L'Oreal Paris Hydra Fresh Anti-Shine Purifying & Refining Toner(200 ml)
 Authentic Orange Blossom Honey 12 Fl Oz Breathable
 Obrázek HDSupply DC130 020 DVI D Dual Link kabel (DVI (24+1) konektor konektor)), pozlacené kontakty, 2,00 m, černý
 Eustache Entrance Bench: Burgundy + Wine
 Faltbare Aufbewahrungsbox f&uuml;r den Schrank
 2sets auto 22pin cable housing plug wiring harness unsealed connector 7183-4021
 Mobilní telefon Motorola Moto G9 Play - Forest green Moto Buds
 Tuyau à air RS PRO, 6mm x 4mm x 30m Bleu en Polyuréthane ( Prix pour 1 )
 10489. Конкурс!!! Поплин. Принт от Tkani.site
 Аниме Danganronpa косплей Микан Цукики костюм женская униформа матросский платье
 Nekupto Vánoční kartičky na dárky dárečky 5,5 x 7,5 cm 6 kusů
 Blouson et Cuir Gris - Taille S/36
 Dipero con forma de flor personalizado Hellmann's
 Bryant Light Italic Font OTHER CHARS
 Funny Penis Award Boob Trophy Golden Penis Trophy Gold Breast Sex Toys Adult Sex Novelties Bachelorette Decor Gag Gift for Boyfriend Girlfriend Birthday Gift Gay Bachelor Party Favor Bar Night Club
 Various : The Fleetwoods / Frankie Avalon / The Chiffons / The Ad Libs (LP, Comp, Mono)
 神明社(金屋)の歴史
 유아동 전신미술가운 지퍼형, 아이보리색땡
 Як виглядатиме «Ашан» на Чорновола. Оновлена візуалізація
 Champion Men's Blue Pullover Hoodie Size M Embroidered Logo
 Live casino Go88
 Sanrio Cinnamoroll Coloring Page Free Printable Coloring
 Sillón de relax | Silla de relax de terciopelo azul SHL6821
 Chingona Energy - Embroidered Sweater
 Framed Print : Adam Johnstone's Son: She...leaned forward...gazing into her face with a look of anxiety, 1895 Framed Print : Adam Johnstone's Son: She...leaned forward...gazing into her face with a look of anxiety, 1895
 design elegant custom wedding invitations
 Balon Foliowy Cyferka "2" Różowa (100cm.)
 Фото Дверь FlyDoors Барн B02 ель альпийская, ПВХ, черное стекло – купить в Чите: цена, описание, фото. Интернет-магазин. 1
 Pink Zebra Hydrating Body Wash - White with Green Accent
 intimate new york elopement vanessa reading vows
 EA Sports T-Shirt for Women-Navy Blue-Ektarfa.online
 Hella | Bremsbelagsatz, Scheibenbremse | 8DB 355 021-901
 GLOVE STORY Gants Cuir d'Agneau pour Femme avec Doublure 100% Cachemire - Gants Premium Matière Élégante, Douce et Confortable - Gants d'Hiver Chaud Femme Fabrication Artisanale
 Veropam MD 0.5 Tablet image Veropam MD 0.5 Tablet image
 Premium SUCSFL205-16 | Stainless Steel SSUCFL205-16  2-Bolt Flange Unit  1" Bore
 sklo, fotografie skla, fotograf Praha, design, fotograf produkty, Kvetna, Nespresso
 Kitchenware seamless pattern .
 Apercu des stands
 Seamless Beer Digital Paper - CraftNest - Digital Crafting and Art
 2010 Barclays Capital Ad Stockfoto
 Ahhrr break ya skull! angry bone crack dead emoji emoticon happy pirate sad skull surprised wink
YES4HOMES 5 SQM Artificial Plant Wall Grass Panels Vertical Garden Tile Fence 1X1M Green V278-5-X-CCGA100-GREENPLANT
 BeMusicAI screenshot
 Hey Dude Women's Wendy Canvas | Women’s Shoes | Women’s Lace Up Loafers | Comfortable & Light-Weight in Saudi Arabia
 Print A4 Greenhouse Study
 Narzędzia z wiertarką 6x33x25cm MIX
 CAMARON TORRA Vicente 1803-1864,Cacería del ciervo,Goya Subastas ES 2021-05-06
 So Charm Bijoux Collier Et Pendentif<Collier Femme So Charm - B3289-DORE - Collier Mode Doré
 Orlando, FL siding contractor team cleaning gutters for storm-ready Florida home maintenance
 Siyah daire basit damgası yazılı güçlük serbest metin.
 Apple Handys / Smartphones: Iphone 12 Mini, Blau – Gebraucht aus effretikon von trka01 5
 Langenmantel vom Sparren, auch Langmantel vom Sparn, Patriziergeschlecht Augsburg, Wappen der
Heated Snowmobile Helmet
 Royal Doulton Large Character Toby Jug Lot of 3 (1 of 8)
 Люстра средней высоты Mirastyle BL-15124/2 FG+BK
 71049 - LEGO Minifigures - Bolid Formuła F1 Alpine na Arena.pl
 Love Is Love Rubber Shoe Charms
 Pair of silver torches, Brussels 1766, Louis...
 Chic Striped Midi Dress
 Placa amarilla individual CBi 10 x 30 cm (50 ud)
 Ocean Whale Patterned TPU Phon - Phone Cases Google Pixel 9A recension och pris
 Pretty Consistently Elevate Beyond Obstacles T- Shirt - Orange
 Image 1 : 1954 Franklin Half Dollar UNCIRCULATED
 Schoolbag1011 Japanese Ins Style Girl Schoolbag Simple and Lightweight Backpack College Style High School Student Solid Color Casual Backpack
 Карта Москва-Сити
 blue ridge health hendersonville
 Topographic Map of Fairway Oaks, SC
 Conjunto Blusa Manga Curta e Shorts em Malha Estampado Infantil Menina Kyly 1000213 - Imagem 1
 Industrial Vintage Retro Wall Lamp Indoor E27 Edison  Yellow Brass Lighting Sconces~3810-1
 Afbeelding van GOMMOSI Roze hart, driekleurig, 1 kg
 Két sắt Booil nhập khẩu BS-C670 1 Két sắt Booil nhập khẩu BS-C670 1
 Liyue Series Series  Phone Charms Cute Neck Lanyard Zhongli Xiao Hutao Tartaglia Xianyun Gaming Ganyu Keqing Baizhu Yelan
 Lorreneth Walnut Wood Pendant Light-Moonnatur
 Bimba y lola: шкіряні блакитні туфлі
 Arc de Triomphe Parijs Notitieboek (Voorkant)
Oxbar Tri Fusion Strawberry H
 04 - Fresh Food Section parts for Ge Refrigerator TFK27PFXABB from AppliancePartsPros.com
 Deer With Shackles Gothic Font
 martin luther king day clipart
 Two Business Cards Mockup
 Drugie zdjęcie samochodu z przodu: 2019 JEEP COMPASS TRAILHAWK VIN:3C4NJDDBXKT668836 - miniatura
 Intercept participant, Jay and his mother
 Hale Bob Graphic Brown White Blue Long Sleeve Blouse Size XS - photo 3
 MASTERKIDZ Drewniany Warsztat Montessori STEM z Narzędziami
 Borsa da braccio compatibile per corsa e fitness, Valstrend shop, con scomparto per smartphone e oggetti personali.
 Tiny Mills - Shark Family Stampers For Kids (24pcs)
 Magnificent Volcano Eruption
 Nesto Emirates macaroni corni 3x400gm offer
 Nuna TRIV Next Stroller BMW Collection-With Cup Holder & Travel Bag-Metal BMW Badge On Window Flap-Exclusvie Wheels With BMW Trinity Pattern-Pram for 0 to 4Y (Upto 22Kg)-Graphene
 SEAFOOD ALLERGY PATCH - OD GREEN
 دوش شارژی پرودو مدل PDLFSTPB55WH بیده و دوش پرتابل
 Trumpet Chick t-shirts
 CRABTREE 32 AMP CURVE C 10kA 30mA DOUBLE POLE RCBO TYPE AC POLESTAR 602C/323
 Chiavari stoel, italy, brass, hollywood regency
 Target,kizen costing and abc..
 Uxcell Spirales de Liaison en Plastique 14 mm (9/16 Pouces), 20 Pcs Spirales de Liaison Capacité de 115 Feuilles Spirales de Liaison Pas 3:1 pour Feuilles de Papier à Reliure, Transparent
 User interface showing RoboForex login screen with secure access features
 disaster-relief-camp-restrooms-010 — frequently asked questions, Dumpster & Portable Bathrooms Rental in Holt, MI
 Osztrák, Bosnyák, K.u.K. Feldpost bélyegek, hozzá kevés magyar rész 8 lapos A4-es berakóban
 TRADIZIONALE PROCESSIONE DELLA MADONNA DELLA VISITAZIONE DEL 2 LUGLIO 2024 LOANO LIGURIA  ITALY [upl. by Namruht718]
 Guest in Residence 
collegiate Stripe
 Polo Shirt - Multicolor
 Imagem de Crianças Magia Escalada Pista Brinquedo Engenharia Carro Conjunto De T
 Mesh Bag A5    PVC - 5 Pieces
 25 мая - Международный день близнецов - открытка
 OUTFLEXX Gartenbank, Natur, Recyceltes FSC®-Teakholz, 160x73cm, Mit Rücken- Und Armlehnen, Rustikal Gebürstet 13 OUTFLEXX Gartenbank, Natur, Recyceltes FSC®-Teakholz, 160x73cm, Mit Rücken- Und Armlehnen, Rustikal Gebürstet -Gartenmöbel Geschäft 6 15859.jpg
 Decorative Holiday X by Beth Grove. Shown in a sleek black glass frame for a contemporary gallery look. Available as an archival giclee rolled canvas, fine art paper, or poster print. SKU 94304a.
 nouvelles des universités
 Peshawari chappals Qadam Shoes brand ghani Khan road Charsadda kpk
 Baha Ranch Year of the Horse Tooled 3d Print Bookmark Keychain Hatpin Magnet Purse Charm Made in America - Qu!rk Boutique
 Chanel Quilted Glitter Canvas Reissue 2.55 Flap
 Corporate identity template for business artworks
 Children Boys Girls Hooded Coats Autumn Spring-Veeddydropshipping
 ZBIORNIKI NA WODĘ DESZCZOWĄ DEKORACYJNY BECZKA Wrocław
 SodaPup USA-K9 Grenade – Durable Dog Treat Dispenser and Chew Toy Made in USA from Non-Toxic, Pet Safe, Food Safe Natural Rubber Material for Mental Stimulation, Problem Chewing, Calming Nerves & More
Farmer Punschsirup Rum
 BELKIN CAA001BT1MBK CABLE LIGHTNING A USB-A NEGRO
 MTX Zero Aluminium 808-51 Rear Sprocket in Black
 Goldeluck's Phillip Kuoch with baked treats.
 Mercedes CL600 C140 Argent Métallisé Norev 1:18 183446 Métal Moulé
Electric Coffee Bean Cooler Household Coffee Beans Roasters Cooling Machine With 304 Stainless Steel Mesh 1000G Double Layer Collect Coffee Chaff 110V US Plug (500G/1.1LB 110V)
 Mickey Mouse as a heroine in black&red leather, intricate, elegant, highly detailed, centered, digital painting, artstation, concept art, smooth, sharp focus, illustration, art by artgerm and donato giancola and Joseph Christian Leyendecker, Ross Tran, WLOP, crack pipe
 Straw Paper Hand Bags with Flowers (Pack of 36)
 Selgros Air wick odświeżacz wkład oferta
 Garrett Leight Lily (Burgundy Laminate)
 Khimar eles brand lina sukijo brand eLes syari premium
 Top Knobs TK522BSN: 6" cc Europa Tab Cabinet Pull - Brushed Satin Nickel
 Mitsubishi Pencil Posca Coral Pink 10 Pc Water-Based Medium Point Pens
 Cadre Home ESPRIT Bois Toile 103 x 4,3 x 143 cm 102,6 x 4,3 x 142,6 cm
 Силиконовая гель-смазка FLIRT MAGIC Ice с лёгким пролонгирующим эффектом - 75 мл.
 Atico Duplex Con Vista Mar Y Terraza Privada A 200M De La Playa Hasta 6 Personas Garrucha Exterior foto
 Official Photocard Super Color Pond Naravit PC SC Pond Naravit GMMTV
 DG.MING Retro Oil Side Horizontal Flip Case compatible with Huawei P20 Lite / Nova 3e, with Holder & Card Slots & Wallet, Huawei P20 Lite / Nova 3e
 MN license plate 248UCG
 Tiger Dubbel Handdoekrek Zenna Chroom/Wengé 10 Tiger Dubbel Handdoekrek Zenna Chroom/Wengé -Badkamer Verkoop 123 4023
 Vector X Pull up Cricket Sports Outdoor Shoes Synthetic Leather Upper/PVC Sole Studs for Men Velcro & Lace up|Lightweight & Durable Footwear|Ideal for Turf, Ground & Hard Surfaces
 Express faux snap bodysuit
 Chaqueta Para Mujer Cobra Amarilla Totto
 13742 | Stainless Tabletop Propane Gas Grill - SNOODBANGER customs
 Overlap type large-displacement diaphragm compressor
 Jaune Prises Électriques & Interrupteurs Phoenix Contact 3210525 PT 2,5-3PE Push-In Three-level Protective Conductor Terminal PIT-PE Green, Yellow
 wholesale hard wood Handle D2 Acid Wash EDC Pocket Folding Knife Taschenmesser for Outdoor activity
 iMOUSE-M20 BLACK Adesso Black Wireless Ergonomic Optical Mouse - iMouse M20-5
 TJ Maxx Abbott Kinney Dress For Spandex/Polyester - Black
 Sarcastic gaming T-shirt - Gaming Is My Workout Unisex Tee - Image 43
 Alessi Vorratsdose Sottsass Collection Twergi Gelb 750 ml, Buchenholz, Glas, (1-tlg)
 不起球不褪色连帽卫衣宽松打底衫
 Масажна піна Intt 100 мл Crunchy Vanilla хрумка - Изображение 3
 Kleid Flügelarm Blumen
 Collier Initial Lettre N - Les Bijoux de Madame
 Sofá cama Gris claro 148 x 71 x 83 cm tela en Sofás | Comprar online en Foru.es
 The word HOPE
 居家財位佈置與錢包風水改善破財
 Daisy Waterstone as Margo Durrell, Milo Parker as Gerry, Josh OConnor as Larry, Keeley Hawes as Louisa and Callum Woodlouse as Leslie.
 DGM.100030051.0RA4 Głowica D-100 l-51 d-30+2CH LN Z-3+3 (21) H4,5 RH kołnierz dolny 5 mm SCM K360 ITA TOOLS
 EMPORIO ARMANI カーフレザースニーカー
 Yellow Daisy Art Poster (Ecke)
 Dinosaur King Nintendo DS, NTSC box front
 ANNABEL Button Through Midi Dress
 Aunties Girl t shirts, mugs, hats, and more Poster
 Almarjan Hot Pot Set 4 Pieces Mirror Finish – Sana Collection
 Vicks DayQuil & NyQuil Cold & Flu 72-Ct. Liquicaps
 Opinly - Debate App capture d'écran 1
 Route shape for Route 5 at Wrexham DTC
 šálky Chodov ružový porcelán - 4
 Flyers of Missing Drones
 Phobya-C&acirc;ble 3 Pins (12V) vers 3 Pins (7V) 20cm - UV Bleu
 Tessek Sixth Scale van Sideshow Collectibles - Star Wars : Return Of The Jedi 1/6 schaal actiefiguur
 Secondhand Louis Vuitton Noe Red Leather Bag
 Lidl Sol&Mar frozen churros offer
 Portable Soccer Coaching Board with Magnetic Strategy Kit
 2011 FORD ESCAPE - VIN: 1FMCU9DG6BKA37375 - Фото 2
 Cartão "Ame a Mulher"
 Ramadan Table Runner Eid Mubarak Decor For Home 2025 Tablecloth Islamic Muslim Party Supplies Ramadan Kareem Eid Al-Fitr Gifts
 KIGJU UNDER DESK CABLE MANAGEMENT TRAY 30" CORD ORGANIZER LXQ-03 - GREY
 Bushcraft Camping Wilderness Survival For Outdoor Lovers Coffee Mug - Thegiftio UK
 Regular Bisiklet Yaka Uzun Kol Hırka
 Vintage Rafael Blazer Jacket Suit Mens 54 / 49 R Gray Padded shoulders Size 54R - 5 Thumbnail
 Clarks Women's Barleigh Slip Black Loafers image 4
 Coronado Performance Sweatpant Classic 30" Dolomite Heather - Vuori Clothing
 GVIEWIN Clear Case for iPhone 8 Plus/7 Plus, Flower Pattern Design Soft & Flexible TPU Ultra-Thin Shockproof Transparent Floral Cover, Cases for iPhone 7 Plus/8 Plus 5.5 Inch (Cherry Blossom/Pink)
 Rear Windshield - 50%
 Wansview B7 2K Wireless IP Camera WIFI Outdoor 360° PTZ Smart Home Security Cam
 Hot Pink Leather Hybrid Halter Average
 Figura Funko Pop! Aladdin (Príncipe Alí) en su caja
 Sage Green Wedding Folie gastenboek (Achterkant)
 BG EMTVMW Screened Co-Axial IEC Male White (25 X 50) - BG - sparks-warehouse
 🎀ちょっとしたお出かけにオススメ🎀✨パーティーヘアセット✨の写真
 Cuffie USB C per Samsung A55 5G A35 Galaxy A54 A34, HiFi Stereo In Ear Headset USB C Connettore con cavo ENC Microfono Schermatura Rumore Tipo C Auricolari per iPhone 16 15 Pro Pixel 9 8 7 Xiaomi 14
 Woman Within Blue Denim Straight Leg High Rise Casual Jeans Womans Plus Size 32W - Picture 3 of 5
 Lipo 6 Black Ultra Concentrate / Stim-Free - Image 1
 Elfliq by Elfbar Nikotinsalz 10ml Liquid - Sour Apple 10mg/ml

* [TASK]: Working from the data above, extract solely the lines from the one containing "Lorreneth Walnut Wood" through the one containing "Target,kizen costing and abc..", exactly as they appear, both included.

* [TASK SOLUTION]:
 Lorreneth Walnut Wood Pendant Light-Moonnatur
 Bimba y lola: шкіряні блакитні туфлі
 Arc de Triomphe Parijs Notitieboek (Voorkant)
Oxbar Tri Fusion Strawberry H
 04 - Fresh Food Section parts for Ge Refrigerator TFK27PFXABB from AppliancePartsPros.com
 Deer With Shackles Gothic Font
 martin luther king day clipart
 Two Business Cards Mockup
 Drugie zdjęcie samochodu z przodu: 2019 JEEP COMPASS TRAILHAWK VIN:3C4NJDDBXKT668836 - miniatura
 Intercept participant, Jay and his mother
 Hale Bob Graphic Brown White Blue Long Sleeve Blouse Size XS - photo 3
 MASTERKIDZ Drewniany Warsztat Montessori STEM z Narzędziami
 Borsa da braccio compatibile per corsa e fitness, Valstrend shop, con scomparto per smartphone e oggetti personali.
 Tiny Mills - Shark Family Stampers For Kids (24pcs)
 Magnificent Volcano Eruption
 Nesto Emirates macaroni corni 3x400gm offer
 Nuna TRIV Next Stroller BMW Collection-With Cup Holder & Travel Bag-Metal BMW Badge On Window Flap-Exclusvie Wheels With BMW Trinity Pattern-Pram for 0 to 4Y (Upto 22Kg)-Graphene
 SEAFOOD ALLERGY PATCH - OD GREEN
 دوش شارژی پرودو مدل PDLFSTPB55WH بیده و دوش پرتابل
 Trumpet Chick t-shirts
 CRABTREE 32 AMP CURVE C 10kA 30mA DOUBLE POLE RCBO TYPE AC POLESTAR 602C/323
 Chiavari stoel, italy, brass, hollywood regency
 Target,kizen costing and abc..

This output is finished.